6. All of the seven defendants were charged under the first count, of "conspiracy to commit loan fraud." Under that single count of conspiracy to commit loan-fraud, there were an additional, variously distributed, eleven "substantive counts," aggregating to an alleged $294,000 for all defendants combined, and an additional, subsidiary count, the esoteric ("Klein Conspiracy") charge of "attempt to impede and obstruct the functions of the Internal Revenue Service," on which only the present writer was charged. When sundry motions for severance of the "IRS" count were made, the prosecution insisted that the latter count was efficiently integral to the first count. [return to text]

7. Although these loans were not given for electoral campaign activities, they were analogous to campaign loans in other respects. All of the relevant outstanding loans of the three publishing firms were of the "soft," political variety, which often carried no interest charges, and whose payment dates were not infrequently postponed by agreement with the lender. Thus, once Judge Bryan had made his mid-1987 decisions in the bankruptcy case, he virtually assured the defrauding of both the three firms, and non-payment of all loans outstanding as of the date of the Justice Department's unlawful bankruptcy of April 21, 1987. [return to text]

8. This was the same Henry Hudson, who, as head of the U.S. Marshals Service, figured prominently in the U.S. Government's wrong-doing in the celebrated Weaver case. [return to text]

9. During the sentencing hearing in the 1988 case, in response to the statement of defendant Edward Spannaus, Bryan declared: "While counsel in the case haven't borne down on it, the defendants have repeatedly and from some of the testimony, raised this idea that this is a politically inspired, politically motivated prosecution. I reject that as arrant nonsense. The idea that this organization is a sufficient threat to anything, that would warrant the Government bringing a prosecution to silence them, just defies human experience." (Cited in Railroad! op. cit., pp. 515-516. In pre-trial proceedings, Bryan had reviewed several, extensively documented motions showing cumulative attacks upon defendant LaRouche by leading news media, by both U.S.A. and foreign publications. He had ruled against allowing that relevant evidence in trial, and had also excluded, similar, massive documentation, from the Federal court record, and elsewhere, of relevant political operations run against LaRouche et al. by both governmental and accomplice agencies. In trial, Bryan had heard testimony on the importance of LaRouche's 1982-1984 activities with the Reagan Administration's National Security Council, and also relevant testimony from high-ranking officials of foreign nations.
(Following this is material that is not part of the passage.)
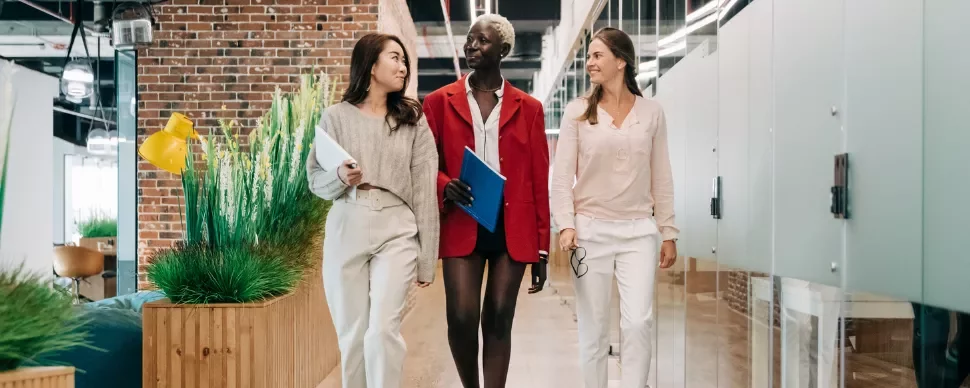 Three professionals walking in a modern office corridor with brick and glass walls.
Either Judge Bryan was mentally impaired, or he was lying flagrantly, and his lying was, by its nature, politically motivated. [return to text]
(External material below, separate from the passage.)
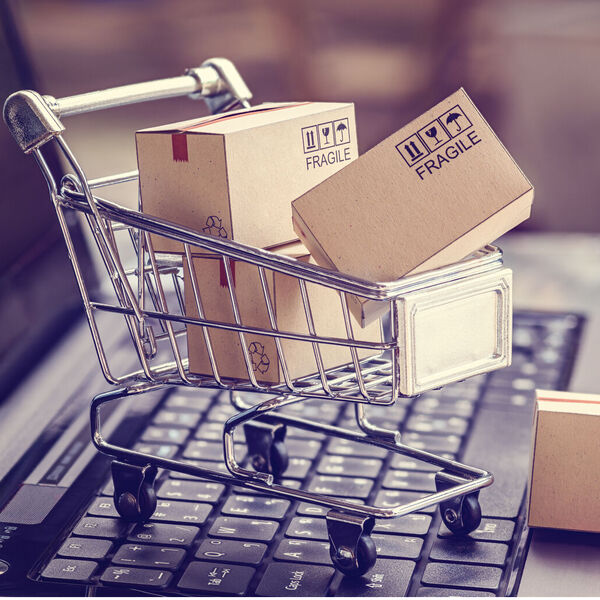 Little shopping cart with packages on top of a keyboard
10. Deputy Assistant Attorneys-General John "Jack" Keeney and Mark Richard, et al. [return to text]

11. As the fruit of a foreign-intelligence operation launched, in January 1983, at the prompting of Henry A. Kissinger, no part of the combined U.S. Federal, state, and foreign operations against LaRouche et al. were conducted within the confines of the customary pretenses of legality. Included were some of the same elements deployed against the later defendants since January 1974, when the New York Times deployed to cover up the FBI's role in what an official FBI document, subsequently released under FOIA, confirms to have been a planned "elimination" of LaRouche. Shortly after the January action of Kissinger cronies leading into the October 1988 Alexandria indictment, beginning no later than April 1983, a multi-agency public-private task-force was created, featuring New York private banker, and Jimmy Goldsmith-family crony, John Train. Included in the case, from then through 1989, were the Anti-Defamation League (ADL), the Wall Street Journal, NBC-TV News, the Reader's Digest, the Roy M. Cohn apparatus (including Cohn creation Dennis King), the circles of the Richard Mellon-Scaife, the Associated Press, and sundry other private and official wrigglies of the "spook" world. The roster included agencies of the U.S. Joint Chiefs of Staff, that including such "Iran-Contra" spooks as Mena, Arkansas's Lt.-Col. Oliver North and Maj.-Gen. Richard Secord (ret.). Dirty Ollie North played a notable role in targetting Michael Billington: one of the facts which corrupt, intelligence-community-linked Judge Bryan did not consider suited for the jurors' tender ears. [return to text]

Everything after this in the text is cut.